For many women these concerns are very real. As many as 1 in 5 pregnancies end in a miscarriage, and 1 in 33 babies are born with a birth defect. These rates are considered the background population risk, which means they do not take into consideration anything about the health of the mom, the medications she is taking, or the family history of the mom or the baby’s dad. A number of different things can increase these risks, including taking certain medications during pregnancy.

It is known that most medications, including over-the-counter medications, taken during pregnancy do get passed on to the baby. Fortunately, most medicines are not harmful to the baby and can be safely taken during pregnancy. But there are some that are known to be harmful to a baby’s normal development and growth, especially when they are taken during certain times of the pregnancy.

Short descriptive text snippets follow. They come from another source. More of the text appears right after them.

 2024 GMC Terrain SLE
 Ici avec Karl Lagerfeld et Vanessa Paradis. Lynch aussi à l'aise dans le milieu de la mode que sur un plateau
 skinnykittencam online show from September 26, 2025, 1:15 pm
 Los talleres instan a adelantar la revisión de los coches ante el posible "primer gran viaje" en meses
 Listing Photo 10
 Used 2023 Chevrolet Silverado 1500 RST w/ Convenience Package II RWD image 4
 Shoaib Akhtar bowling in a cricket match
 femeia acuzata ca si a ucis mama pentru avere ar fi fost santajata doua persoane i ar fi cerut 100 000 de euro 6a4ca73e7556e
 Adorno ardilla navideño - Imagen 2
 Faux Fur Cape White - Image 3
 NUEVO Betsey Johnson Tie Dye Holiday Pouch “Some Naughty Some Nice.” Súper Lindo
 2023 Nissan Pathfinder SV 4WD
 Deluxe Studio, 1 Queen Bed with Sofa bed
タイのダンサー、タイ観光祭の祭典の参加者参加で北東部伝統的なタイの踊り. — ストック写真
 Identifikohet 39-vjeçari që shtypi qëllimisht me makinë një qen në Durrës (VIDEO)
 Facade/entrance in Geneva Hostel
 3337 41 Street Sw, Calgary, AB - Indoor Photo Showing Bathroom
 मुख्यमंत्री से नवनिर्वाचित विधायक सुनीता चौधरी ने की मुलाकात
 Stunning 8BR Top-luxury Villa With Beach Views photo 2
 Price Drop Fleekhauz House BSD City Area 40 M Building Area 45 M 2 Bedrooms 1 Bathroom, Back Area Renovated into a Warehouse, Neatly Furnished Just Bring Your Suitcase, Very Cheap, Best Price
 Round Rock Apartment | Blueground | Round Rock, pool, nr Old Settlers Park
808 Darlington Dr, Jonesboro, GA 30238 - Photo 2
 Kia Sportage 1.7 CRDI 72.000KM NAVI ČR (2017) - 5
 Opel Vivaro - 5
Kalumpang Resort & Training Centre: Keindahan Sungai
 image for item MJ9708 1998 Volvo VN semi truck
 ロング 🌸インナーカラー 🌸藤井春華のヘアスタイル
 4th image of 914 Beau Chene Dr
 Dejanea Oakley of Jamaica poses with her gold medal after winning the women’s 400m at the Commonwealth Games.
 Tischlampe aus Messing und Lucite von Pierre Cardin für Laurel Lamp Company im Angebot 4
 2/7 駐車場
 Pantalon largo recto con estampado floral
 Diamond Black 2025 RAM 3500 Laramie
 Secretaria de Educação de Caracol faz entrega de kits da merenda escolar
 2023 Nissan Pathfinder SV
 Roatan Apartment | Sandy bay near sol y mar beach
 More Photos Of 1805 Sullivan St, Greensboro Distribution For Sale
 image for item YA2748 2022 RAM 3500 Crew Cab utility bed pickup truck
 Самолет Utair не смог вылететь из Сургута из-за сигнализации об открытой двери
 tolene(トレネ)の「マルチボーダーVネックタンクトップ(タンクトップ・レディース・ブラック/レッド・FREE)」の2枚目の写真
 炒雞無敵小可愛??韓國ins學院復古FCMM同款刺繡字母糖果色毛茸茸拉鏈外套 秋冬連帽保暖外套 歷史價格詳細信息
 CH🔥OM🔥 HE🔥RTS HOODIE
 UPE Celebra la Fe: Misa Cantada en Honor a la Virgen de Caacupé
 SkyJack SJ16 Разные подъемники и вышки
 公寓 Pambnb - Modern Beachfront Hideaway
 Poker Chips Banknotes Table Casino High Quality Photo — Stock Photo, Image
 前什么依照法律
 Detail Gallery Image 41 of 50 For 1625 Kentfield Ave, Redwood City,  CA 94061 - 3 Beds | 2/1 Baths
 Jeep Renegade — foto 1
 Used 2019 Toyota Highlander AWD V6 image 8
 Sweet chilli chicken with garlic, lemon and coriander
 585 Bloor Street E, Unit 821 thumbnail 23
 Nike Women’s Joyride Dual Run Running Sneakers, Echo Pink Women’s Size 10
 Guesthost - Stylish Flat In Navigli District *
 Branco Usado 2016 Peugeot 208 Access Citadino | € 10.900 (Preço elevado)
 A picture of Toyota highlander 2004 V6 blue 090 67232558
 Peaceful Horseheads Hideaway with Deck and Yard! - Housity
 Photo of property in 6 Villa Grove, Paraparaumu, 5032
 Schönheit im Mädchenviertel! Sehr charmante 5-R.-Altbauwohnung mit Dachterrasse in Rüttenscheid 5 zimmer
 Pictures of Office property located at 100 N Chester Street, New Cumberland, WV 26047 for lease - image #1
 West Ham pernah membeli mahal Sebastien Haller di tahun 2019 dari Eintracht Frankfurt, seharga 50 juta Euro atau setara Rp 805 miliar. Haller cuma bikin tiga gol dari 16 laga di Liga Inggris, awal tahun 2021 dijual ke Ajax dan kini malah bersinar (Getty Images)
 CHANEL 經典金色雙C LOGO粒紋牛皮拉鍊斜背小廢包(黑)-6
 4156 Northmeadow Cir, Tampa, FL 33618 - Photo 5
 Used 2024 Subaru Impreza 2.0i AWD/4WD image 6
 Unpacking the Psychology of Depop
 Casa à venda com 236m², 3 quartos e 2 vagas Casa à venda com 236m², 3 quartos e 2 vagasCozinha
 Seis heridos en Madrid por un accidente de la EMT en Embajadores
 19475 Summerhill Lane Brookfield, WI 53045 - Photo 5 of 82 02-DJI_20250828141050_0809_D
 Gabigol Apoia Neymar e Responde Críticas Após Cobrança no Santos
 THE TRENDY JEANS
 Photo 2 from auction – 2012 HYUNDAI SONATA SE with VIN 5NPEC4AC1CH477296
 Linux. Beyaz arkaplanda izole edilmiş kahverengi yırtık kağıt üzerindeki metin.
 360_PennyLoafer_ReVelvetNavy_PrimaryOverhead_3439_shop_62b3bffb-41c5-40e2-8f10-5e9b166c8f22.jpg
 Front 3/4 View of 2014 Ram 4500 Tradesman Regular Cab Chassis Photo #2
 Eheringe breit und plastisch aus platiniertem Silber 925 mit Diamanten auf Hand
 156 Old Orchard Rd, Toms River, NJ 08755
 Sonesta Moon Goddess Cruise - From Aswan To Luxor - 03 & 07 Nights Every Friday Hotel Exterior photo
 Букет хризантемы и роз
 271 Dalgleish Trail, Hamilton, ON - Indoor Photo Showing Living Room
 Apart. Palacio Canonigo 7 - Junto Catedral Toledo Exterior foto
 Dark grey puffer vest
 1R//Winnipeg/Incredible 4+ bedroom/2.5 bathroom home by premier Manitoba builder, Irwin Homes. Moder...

Because of this, it is important to talk with your doctor or midwife about any medications you are taking, ideally before you even try to get pregnant.

If a doctor other than the one caring for your pregnancy recommends that you start a new medicine while you are pregnant, it is important that you let them know you are pregnant.

If you do need to take a new medication while pregnant, it is important to discuss the possible risks the medicine may pose on your pregnancy with your doctor or midwife. They can help you understand the benefits and the risks of taking the medicine.

Ultimately, the decision to start, stop, or change medications during pregnancy is up to you to make, along with input from your doctor or midwife. If you do take medications during pregnancy, be sure to keep track of all the medications you are taking.